Yesterday, I had a sudden thought that I immediately posted to Twitter using two tweets (follow me @chrismonnier):
The brilliance of Google’s PageRank is that it uses links and such as a proxy for the trust placed in a given source. Social media scraps the ‘proxy’ part and allows people to get info directly from trusted sources (friends, people they follow, etc.).
The more I thought about it, I realized that the difference noted above can be thought of in terms of meanings (for a thorough discussion of “meanings” in the realm of products, I highly recommend Roberto Verganti’s Design Driven Innovation). Traditional search (which I’ll call robot search) has a certain set of meanings within people’s lives, while social search (i.e. seeking information using social media) has a different set of meanings.
Robot search has proven to be enormously useful and is a vital part of the online experience for pretty much everyone. And, like any product, robot search also has meaning to its users—there are emotions and attitudes associated with it. Robot search (especially Google’s traditional search) is consistent, reliable, and confident. At a higher level, these emotions and attitudes add up to a sense of trust—users trust robot search. A big part of this trust comes from the brilliant PageRank algorithm, which essentially quantifies how trustworthy the information on a given site is.

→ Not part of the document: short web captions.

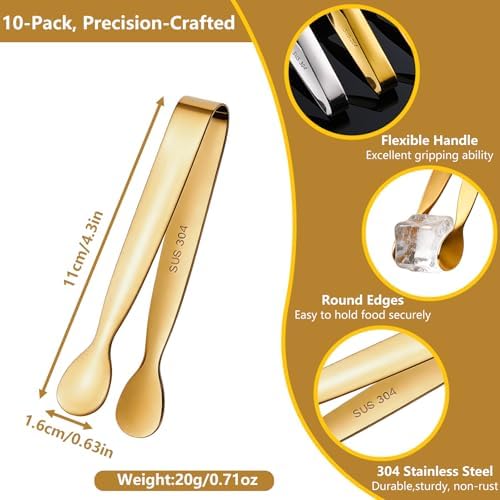 10pcs Mini Serving Tongs, 4.3" Stainless Steel Small Sugar Tongs, Ice Tongs Kitchen Mini Serving Tongs for Serving Food, Ice, Sugar Cube, Salad, Desserts, Coffee Bar, Tea Party, Desserts Party (Gold)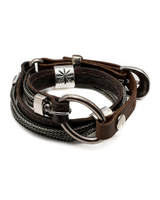 Dark brown stitched leather double wrap bracelet featuring iron chains and silver-plated metal elements.
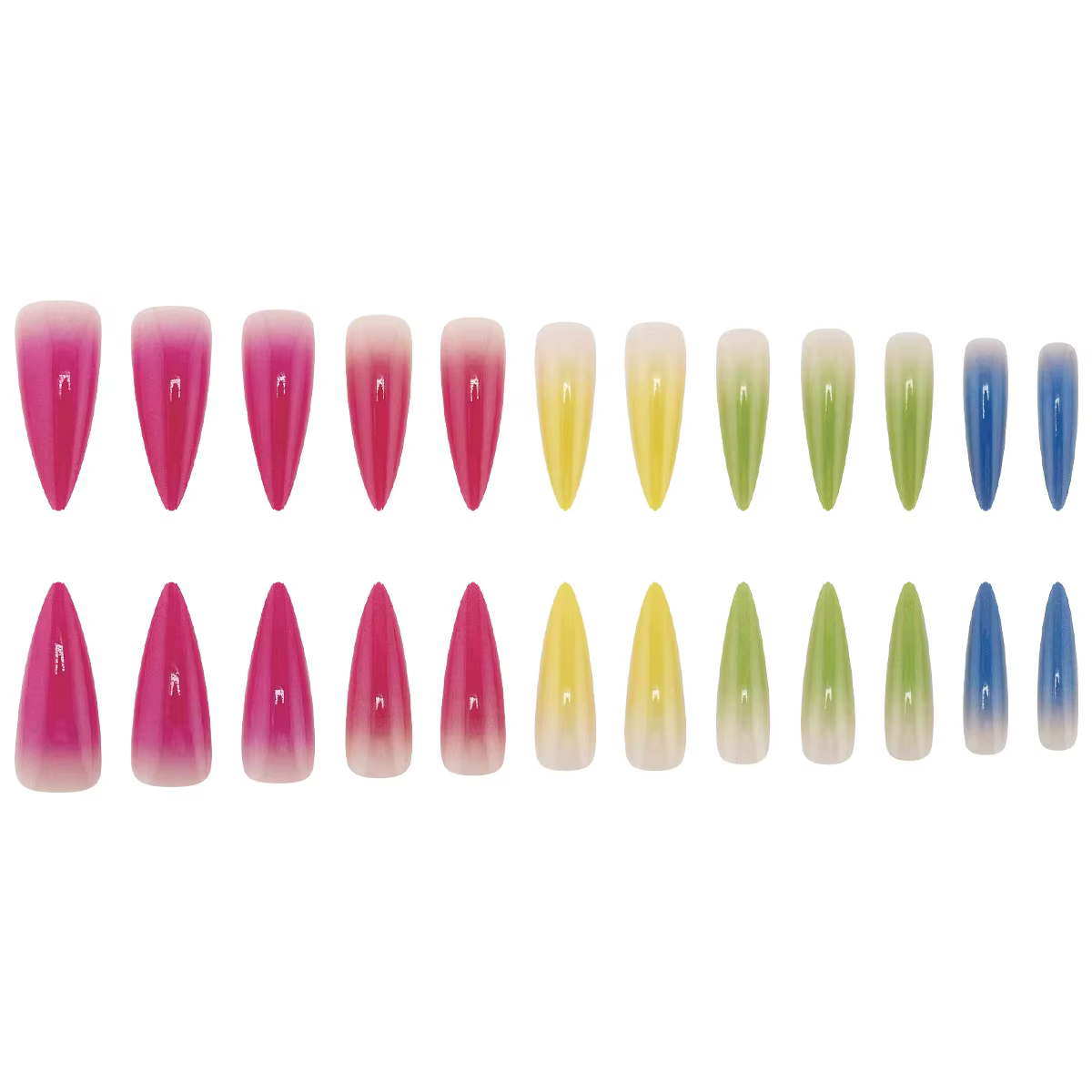 Spicy Girl's Cool Y2k faux ongles arc-en-ciel dégradé longs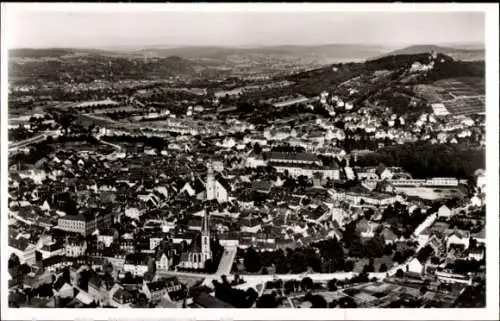 Ak Durlach Karlsruhe in Baden, Luftaufnahme von   Gebäude, weite Landschaft, Kirche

Social search represents innovation in the meaning of search. Instead of iteratively improving the robot search algorithm, social search says, “How can we deliver trust in a whole new and even more compelling way?” The result is a richer understanding of trust delivered not through an algorithm but through interpersonal relationships and interactions that leverage the credibility of trusted people. So if I’m curious about interaction design, I have come to rely upon and trust, for example, Dan Saffer (@odannyboy), as a person who thinks like me and who I can trust when he points to particular source of information pertaining to interaction design. If I’m curious about politics, Will Wilkinson (@willwilkinson)is someone I trust. For urbanism, I trust Stephen Smith’s Market Urbanism blog (@marketurbanism) I’ve never personally met any of these people, but by reading their blogs and following them on Twitter I have a rich mental model of each of their personalities, biases, and weaknesses. And as fellow humans (typos and all), it’s only natural to develop a sense of empathy for each one of them.
While I’ve come to think of Google as consistent, reliable, and confident, I don’t have nearly as rich a mental model of its personality. I also don’t have a good sense for its biases or weaknesses, and it’s hard to have empathy for such a sterile machine that always does the same thing. So social search has more substance behind the meaning that its users ultimately perceive than does robot search. As such, social search not only delivers trust much more compellingly but also delivers a richer overall experience. Social search is more than just sterile information seeking—it’s a way for users to participate in the human intellectual experience.
For example, if Dan Saffer tweets about an article and I don’t initially grok the article, the fact that Dan Saffer—someone I respect and trust—likes the article makes me think deeper about why my first impression of the article wasn’t necessarily positive. At its best, social search can enable users to engage in intellectually stimulating and challenging quests of knowledge seeking, like a good teacher challenging you to figure out how to solve a complicated physics problem.
The kicker is that in the end, this makes trust a two-way street. I trust the people in my social graph and I get a reciprocal sense of trust from my social graph, in the sense that influential members of my social graph trust their followers enough to challenge and engage their brains. This yields a perception of mutual trust, which ultimately translates into a much richer meaning for social search than for robot search.
The point is that the social search experience offers a fundamentally different set of meanings to users than does the robot search experience. Social search allows users to take advantage of their humanity and ultimately results in a richer interaction, not only between human and computer but also between human and human. Robot search is inherently less-rich and limits the interactive experience to one between human and computer.